Raw data Start Marker

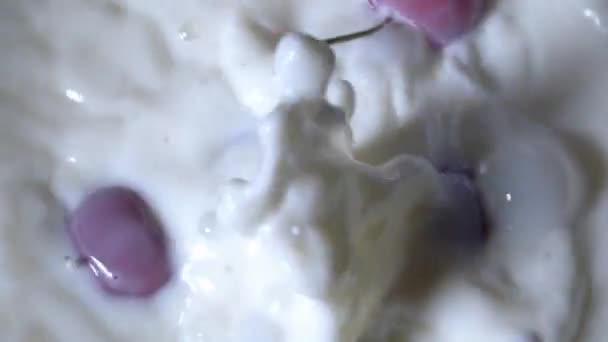 Капля вишни в йогурте с мхом крупным планом — стоковое видео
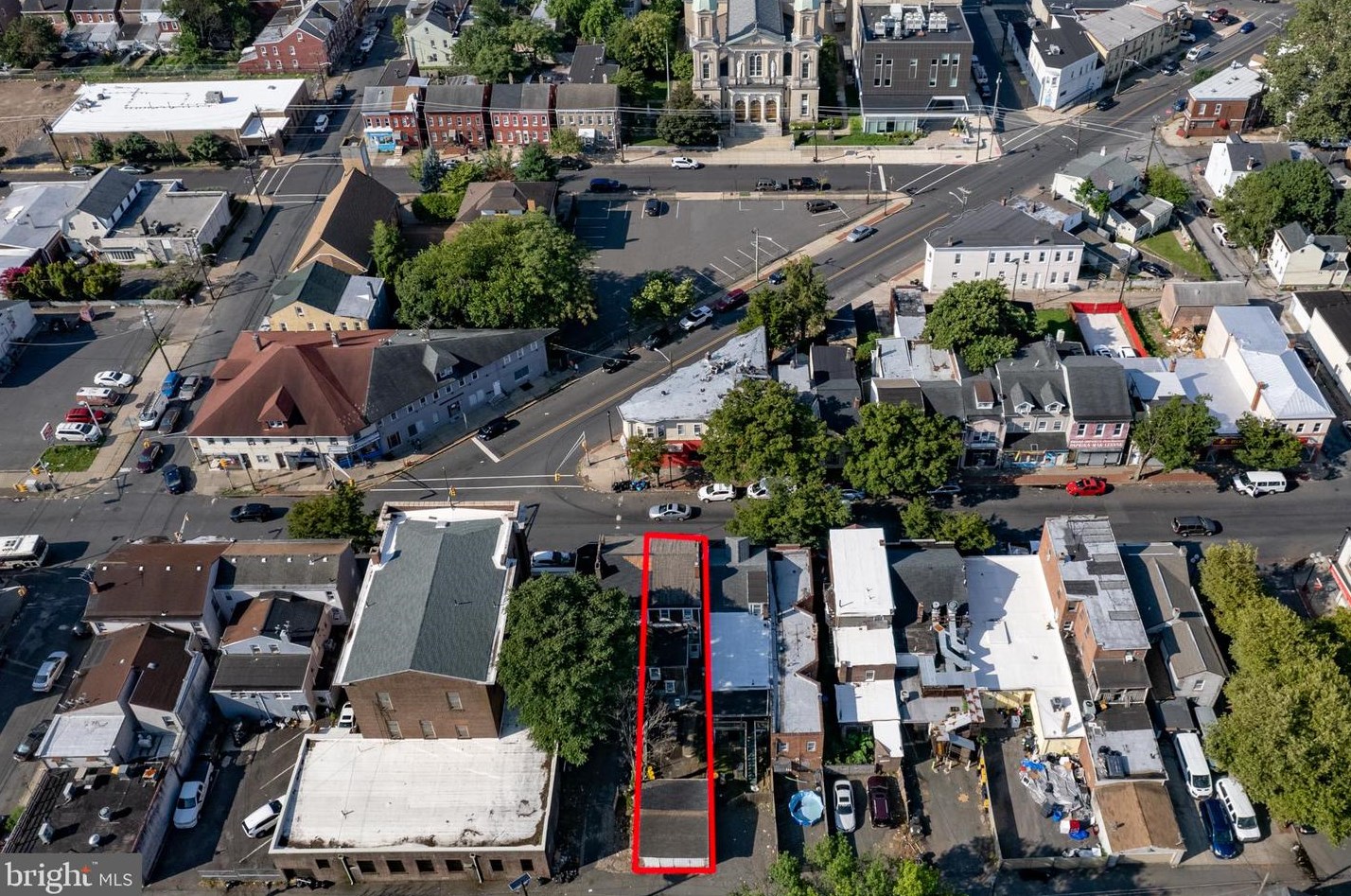 864 Broad St, Trenton NJ 08610-6008 exterior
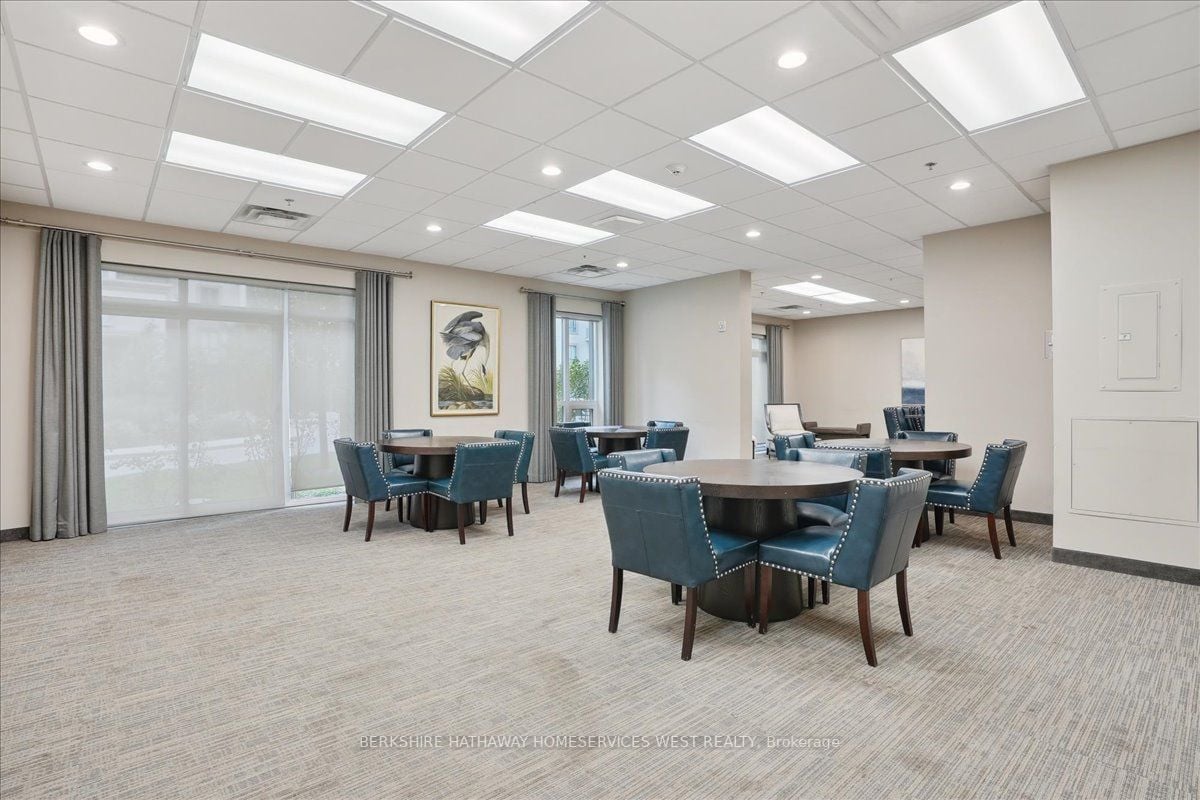 2486 Old Bronte Rd, #503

Raw data End Marker

Work order -
From the first line to the last, transcribe the listing exactly; skip the pictures.

Result for this task -
 Капля вишни в йогурте с мхом крупным планом — стоковое видео
 864 Broad St, Trenton NJ 08610-6008 exterior
 2486 Old Bronte Rd, #503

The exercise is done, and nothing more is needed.